*Supplied material:*
┌──
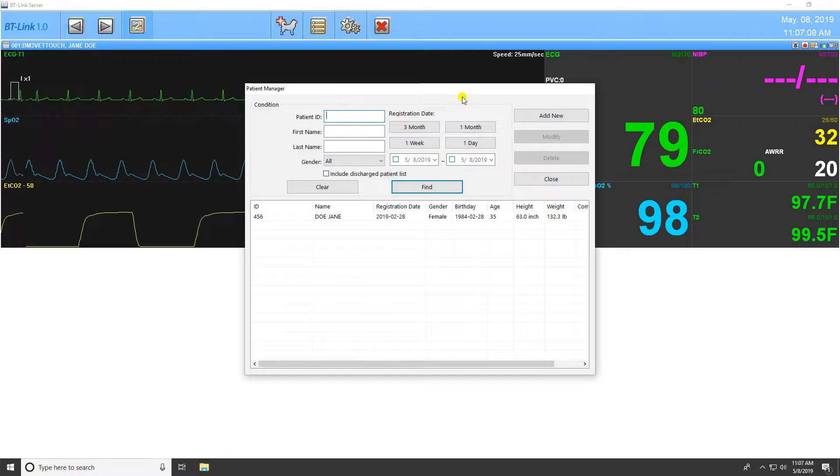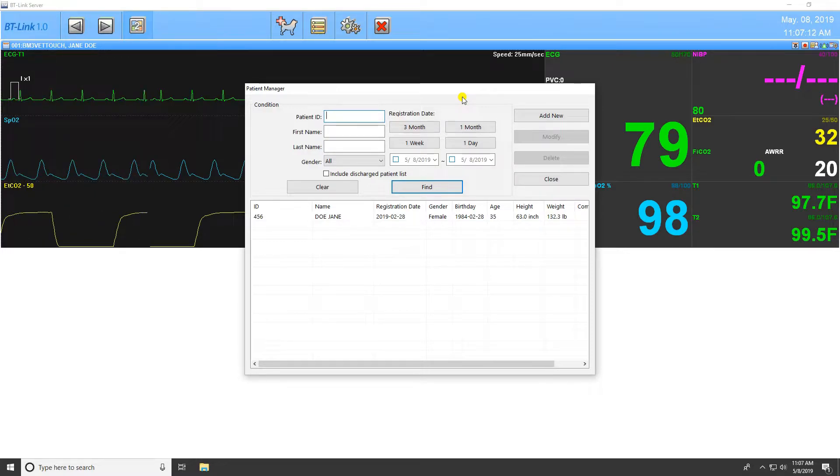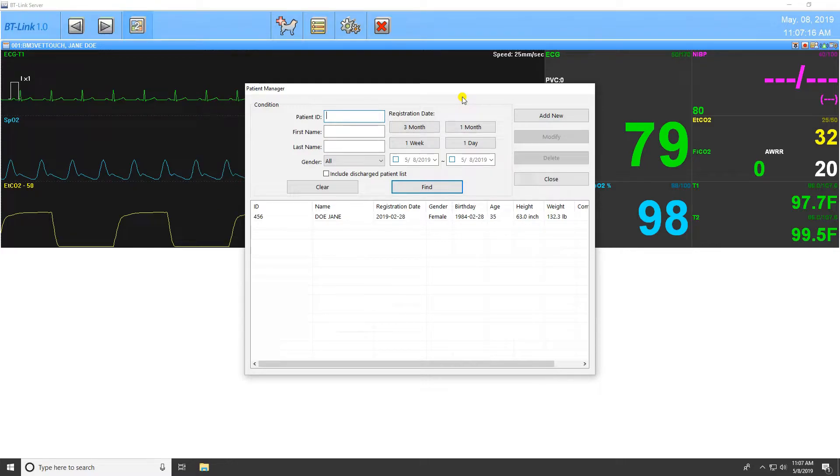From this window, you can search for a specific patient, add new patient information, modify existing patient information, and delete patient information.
└──
┌──
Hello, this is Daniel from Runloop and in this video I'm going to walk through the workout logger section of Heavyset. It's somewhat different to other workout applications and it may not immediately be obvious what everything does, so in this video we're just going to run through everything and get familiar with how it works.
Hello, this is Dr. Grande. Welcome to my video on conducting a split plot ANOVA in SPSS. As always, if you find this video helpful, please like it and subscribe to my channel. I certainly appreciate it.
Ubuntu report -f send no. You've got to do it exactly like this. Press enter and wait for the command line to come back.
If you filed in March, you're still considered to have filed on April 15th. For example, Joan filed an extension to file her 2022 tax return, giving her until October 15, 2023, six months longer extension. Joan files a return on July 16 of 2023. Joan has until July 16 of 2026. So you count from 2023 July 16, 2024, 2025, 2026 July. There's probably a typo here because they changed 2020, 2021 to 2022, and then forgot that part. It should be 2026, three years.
└──
All lines above in which the word "video" occurs should be identified and copied.

Hello, this is Daniel from Runloop and in this video I'm going to walk through the workout logger section of Heavyset. It's somewhat different to other workout applications and it may not immediately be obvious what everything does, so in this video we're just going to run through everything and get familiar with how it works.
Hello, this is Dr. Grande. Welcome to my video on conducting a split plot ANOVA in SPSS. As always, if you find this video helpful, please like it and subscribe to my channel. I certainly appreciate it.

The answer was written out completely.